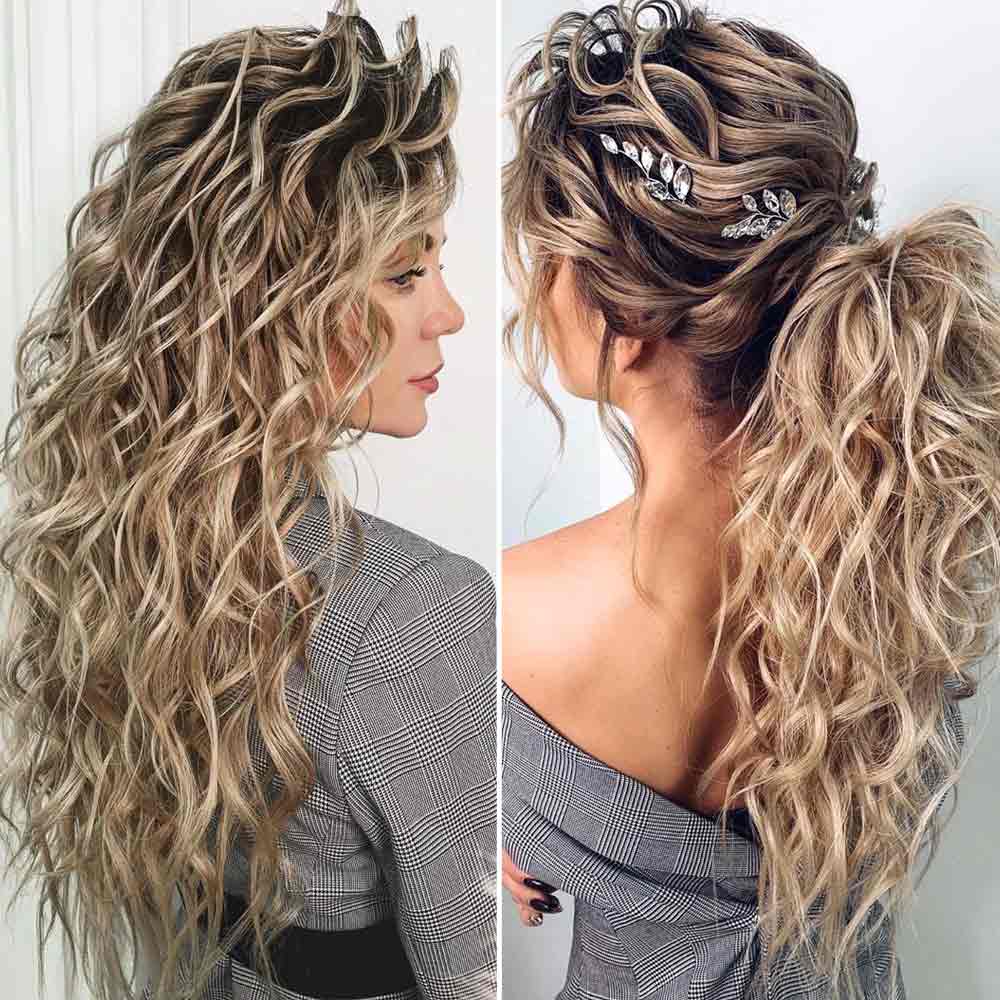 Coda bassa capelli ricci Coda bassa capelli ricci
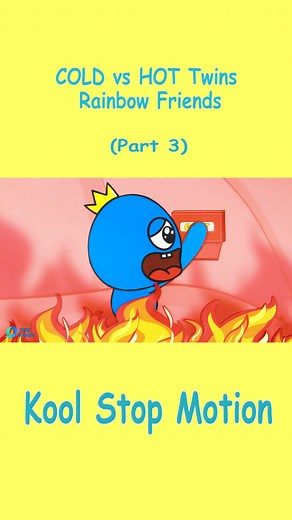 Colorful Twins Friendship in Stop Motion Animation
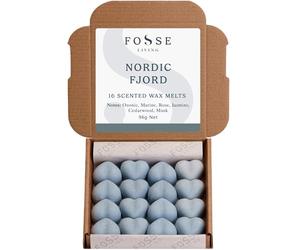 Nordic Fjord Soy Wax Melts 16 Pack | Crisp, Cool & Invigorating | Natural, Vegan & Plastic Free | Up to 96 Hrs Scent | Pet Safe | Handmade in UK - Fosse Living
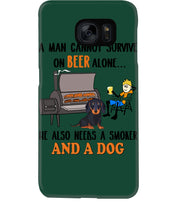 Load image into Gallery viewer, A Man Loves Beer And Dachshund Gift For Dog Lovers Phone case
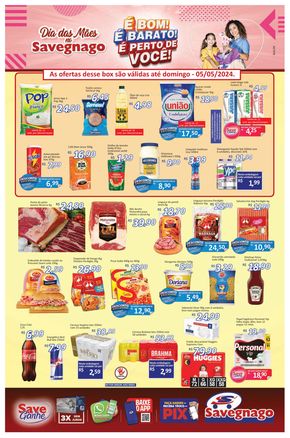 Catálogo Supermercado Savegnago em Barretos | Ofertas Supermercados Savegnago | 03/05/2024 - 08/05/2024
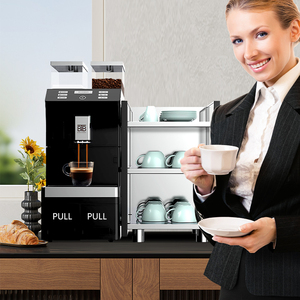 เครื่องชงกาแฟอัตโนมัติแบบมืออาชีพ ระบบปั๊ม Ulka พร้อมฟังก์ชั่น One Touch Bean Cup รองรับภาษาฝรั่งเศส เหมาะสำหรับใช้ในโรงแรมและครัวเรือน - Product Image 4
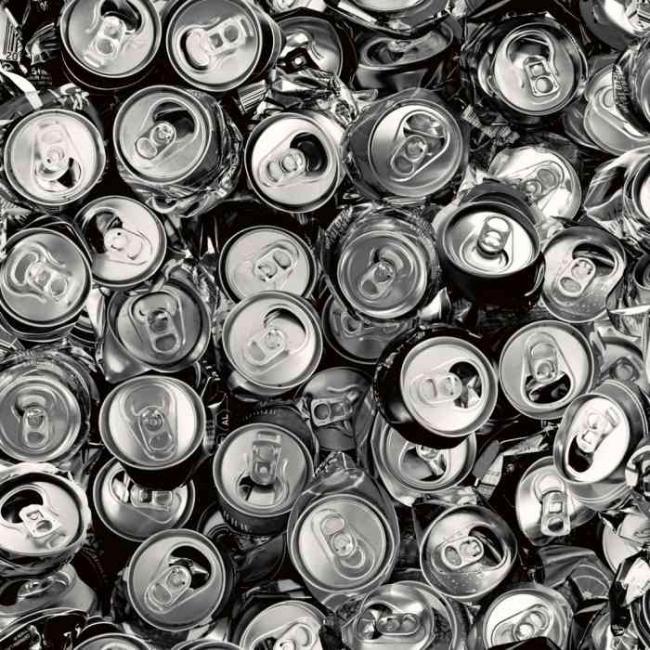 Behang blikjes metallic look, Huis en Inrichting, Stoffering | Behang, Zwart, Grijs, minder dan 10 m², Ophalen of Verzenden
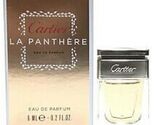 LA PANTHERE * Cartier 0.2 oz / 6 ml Miniature Eau De Parfum Women Perfum... - $28.99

════════════════════

_Work required_
Reproduce each record above by retyping it exactly; omit all images.

_Answer for this exercise_
 Coda bassa capelli ricci Coda bassa capelli ricci
 Colorful Twins Friendship in Stop Motion Animation
 Nordic Fjord Soy Wax Melts 16 Pack | Crisp, Cool & Invigorating | Natural, Vegan & Plastic Free | Up to 96 Hrs Scent | Pet Safe | Handmade in UK - Fosse Living
 Load image into Gallery viewer, A Man Loves Beer And Dachshund Gift For Dog Lovers Phone case
 Catálogo Supermercado Savegnago em Barretos | Ofertas Supermercados Savegnago | 03/05/2024 - 08/05/2024
 เครื่องชงกาแฟอัตโนมัติแบบมืออาชีพ ระบบปั๊ม Ulka พร้อมฟังก์ชั่น One Touch Bean Cup รองรับภาษาฝรั่งเศส เหมาะสำหรับใช้ในโรงแรมและครัวเรือน - Product Image 4
 Behang blikjes metallic look, Huis en Inrichting, Stoffering | Behang, Zwart, Grijs, minder dan 10 m², Ophalen of Verzenden
 LA PANTHERE * Cartier 0.2 oz / 6 ml Miniature Eau De Parfum Women Perfum... - $28.99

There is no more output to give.